Only the Supreme Court could have done it so stylishly.

In its most important toxic substances decision to date, the court recently overturned a new standard developed by OSHA to reduce workers' exposure to benzene, a human carcinogen. The case offers a fascinating view of the interactions of the Supreme Court, Congress and a regulatory agency. And it presents in sharp focus a conflict between the court's duty to carry out the expressed intent of Congress and its duty to decide in favor of sensible public policy.

The decision did what the four dissenters said it did: it took away form the labor movement a political victory it had won when the Occupational Safety and Health Act was enacted in 1970. The statute directed OSHA, when regulating a toxic substance in the work place, to set an exposure standard that would ensure, to the extent feasible, "that no employee will suffer material impairment of health" even if he is exposed to the substance during his entire working life. Strong language. OSHA was trying to carry it out.

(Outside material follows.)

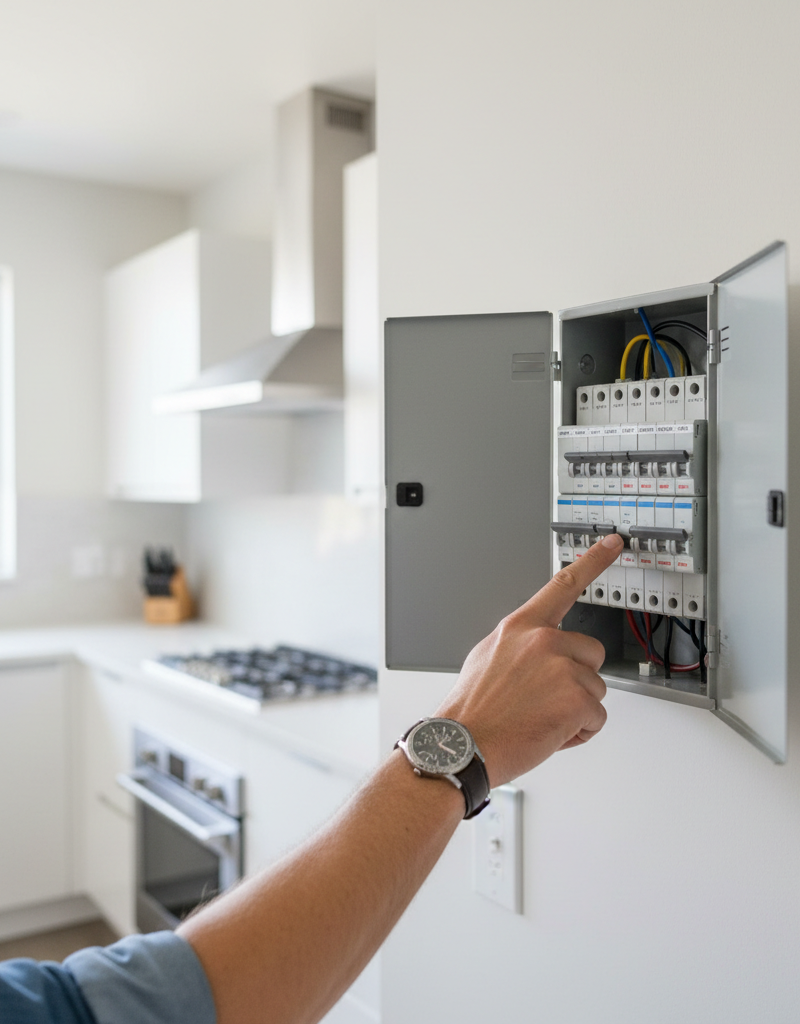 Homeowner checking the electrical panel circuit breaker for a dead range hood fan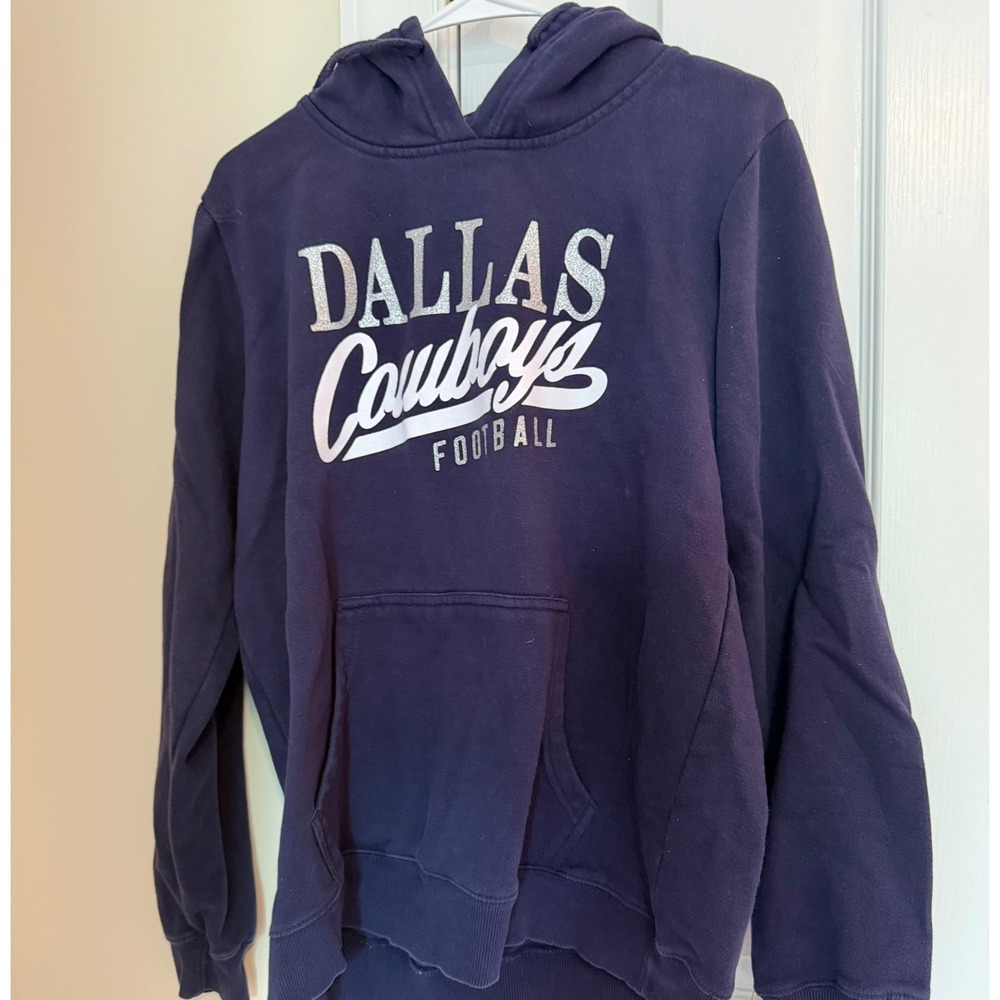Dallas Cowboys Her Style Womens Navy Blue Glitter Graphic Hoodie Large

But four justices held that OSHA erred by failing to make a specific finding that exposure to benzene under the previous standard presented a "significant risk." The term "significant risk" did not appear in the statute. In a magisterial feat of magic, the plurality found the requirement in a definitional provision.

There is something undeniably odd about that definitional section, however. It defines the term "occupational safety and health standard" as one that is "reasonably necessary or appropriate to provide safe . . . places of employment." The new benzene standard can't be reasonably necessary, the plurality reasoned, unless the current level of benzene permitted is unsafe, and it can't be unsafe unless it presents a significant risk. Ergo, before changing the standards, OSHA must find that benzene at current permitted levels presents a significant risk. OSHA, of course, did not make such a finding because nothing in the statute appeared to require it. Definitions don't ordinarily contain guidelines that modify the substantive provisions of a statute. There is no reason to think Congress intended to set up two different substantive standards (one of feasibility and one of significant risk) in two different provisions of the law.

The plurality noted that "the validity of an agency's determination must be judged on the basis of the agency's stated reasons for making that determination," and it expressly refrained from holding that the record in the benzene case would not support the new standard. Rather, the plurality overturned the new standard because it rejected OSHA's rationale for it, which was based on what the plurality held was an erroneous interpretation of the statute.

OSHA's position was extreme indeed, even though it had support in the words of the statute. OSHA argued that it had a statutory duty to eliminate the cancer risk presented by benzene in the work place, subject to only one constraint: that it not put the regulated industries out of business. That was the position the plurality rejected.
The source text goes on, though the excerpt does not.